### [TASK DETAILS]
After locating the line that holds "Comprar Juego 6", output it and all following lines word for word, stopping only at the end of the data.

━━━━━ EXERCISE DATA

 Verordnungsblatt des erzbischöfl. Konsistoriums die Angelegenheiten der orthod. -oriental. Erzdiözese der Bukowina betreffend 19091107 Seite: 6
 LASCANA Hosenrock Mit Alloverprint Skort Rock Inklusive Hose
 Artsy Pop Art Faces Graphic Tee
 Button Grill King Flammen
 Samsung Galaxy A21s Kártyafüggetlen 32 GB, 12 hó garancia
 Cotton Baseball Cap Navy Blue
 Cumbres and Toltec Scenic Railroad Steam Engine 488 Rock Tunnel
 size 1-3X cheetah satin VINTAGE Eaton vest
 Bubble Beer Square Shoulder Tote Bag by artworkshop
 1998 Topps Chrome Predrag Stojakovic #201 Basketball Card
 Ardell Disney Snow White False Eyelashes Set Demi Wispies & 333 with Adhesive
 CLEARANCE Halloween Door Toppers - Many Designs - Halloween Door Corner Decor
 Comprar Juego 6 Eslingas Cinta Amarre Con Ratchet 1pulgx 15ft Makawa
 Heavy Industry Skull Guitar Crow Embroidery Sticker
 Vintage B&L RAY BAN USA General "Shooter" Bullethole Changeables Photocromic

━━━━━━━━━━

### [REPLY]
 Comprar Juego 6 Eslingas Cinta Amarre Con Ratchet 1pulgx 15ft Makawa
 Heavy Industry Skull Guitar Crow Embroidery Sticker
 Vintage B&L RAY BAN USA General "Shooter" Bullethole Changeables Photocromic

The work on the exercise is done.